The idea proposed in this chapter is to use in information retrieval those extracts in which the source document cites, describes, criticizes, and/or collates other documents (See Figure 9). It is only exploratory within the scope of this study. It can be justified on the grounds that the citing and the cited documents are coherent with each other, that extracts provide concise clues for discriminating these documents, and that even concise clues are interpreted meaningfully in the given contexts. Although widely practiced among information users, the idea has not yet been formally studied in view of efficient file organization as far as I know. Therefore, the implication of the idea might go farther in the future than can be expected to now, and require more exploration. In this respect, what is immediately required will be some rationale behind the idea. While all the preceding discussions are relevant to this rationale, the following are intended to support the idea focally.

Now it is almost certain that subject coverage or specialization can hardly be defined consistently and objectively. At best we can say that two documents are similar with respect to something, based on the evidence that we recognize from the documents. Still, the totality of evidence would not make sure similarity; it gives us no more than a degree of belief.

In most cases, two documents similar with respect to something are indexed or abstracted individually. In this sense they are related to each other only indirectly, or with some uncertainty. Indexing inconsistency, mainly caused by individual varieties even in case of fairly adequate assignment of index terms, is now well known. This will significantly degrade retrieval as a grouping process of similar documents. Therefore, to use the direct evidence of similarity established between the two or more documents will be desirable.

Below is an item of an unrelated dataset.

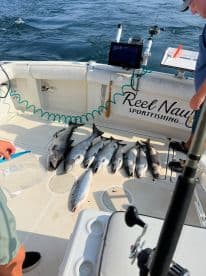 A variety of fish, including Salmon, displayed on the deck of a sportfishing boat, showcasing a successful fishing trip.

We can quite reasonably say that the citations, by which I mean both the citing and the cited articles inclusively, are similar at a certain level of abstraction, especially in highly specialized fields of science. Therefore we can trace back and forth between the citations in order to find similar articles. This is the principle of citation indexing applied by Garfield¹⁶. However, the serious objection to citation indexing is that it demands too much risk, relying heavily on the mere fact that X cites Y. Tracing back and forth tends to diverge tremendously. The solution required for this technique would be to exclude noise sources and provide all the citations with subject indicators more powerful than titles. Lipetz¹⁷ attempted to improve selectivity of citations by providing "context indicators" rather than "subject indicators." His approach seems plausible, but demands much intellectual effort. After all, the usefulness of direct evidence has not yet been warranted significantly by citation indexing.

In this respect, the far more elaborate method, bibliographic coupling, developed by Kessler¹⁸ shares the same fate as citation indexing. It is noticed¹⁹ that "citation tracing is pervasive information-seeking mode." What should be further noticed is that backward tracing is much more pervasive and that any intellectual tracing is initiated by discerning some meaningful evidence rather than the "mere fact."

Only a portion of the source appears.